[Stored items from a collection]
◇ ◇ ◇ ◇ ◇

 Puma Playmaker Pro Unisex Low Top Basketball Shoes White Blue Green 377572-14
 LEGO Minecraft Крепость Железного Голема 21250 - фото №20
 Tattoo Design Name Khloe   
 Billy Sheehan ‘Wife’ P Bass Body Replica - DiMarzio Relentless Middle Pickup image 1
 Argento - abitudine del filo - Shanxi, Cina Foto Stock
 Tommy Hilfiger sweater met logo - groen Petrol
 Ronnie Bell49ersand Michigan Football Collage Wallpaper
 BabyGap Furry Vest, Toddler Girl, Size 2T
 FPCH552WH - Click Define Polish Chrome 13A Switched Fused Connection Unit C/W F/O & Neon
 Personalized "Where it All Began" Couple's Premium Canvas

◇ ◇ ◇ ◇ ◇

> EXERCISE DETAILS
Copy exactly the lines from the one containing "FPCH552WH - Click" through the last line of the records, both included, and nothing else.

> SOLUTION TO THE EXERCISE
 FPCH552WH - Click Define Polish Chrome 13A Switched Fused Connection Unit C/W F/O & Neon
 Personalized "Where it All Began" Couple's Premium Canvas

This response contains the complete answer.